Current process: Uses the Levenshtein Distance formula to determine possible duplicate data in our system. After a user inputs information for a new record, we also use googles API's to validate addresses and provide a google sourced address.
The Levenshtein Distance formula measures the amount of updates, inserts and deletions it would take to get one string to match another. For example 'cat' to 'bats' would include 1 update from 'c' to 'b' and 1 insertion of 's' leading to the matching string 'bats'. The distance would be 2 as it took 1 update and 1 insertion to get the 2 strings to match.
Like many other companies, we used this method for finding possible matches and making our choices for our users somewhat smart. Our issues were that the way we measured the matches and ranking them for our users to choose from.

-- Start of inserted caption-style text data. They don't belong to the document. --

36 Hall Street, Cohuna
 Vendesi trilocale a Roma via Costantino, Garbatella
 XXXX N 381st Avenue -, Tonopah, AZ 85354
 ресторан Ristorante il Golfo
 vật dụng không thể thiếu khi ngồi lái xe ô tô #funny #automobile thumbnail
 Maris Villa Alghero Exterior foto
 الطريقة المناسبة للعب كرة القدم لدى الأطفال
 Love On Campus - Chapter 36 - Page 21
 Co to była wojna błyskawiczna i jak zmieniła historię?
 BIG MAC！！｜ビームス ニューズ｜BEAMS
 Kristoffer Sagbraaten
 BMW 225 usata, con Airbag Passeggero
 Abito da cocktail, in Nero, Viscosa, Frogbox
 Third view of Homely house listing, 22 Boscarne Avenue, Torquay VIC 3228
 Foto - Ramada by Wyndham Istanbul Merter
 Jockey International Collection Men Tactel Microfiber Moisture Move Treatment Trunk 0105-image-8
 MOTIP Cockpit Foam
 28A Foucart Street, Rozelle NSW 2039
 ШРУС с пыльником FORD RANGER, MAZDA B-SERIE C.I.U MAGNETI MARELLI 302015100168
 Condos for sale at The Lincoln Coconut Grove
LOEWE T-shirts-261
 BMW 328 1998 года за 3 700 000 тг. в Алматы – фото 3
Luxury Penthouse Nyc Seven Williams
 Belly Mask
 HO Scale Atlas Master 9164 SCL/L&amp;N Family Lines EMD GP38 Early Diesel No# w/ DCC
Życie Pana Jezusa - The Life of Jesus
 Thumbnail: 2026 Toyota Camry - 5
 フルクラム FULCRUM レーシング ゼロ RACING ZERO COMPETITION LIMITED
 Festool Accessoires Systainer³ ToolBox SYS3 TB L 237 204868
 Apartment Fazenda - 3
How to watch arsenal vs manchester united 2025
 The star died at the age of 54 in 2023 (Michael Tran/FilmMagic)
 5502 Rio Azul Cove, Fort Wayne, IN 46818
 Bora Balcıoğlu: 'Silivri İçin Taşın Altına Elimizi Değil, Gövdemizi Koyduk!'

Introducing a Smarter Matching Algorithm: Although the Levenshtein Distance formula was an effective way to find possible matching data, we were still allowing our users to create new records. We opted to use tabular comparisons with a 2 char match. We also scrubbed the data with common words and removed all spaces. So 'Taylorsville High School' would be reduced to 'Taylorsville' as we would not evaluate High School as those are common words and would create a higher match based on those words alone. Without writing a novel about our process and how we refined it to return smarter matching results we were now able to evaluate by %. We are now able to set thresholds of disabling the creation of new data into our system.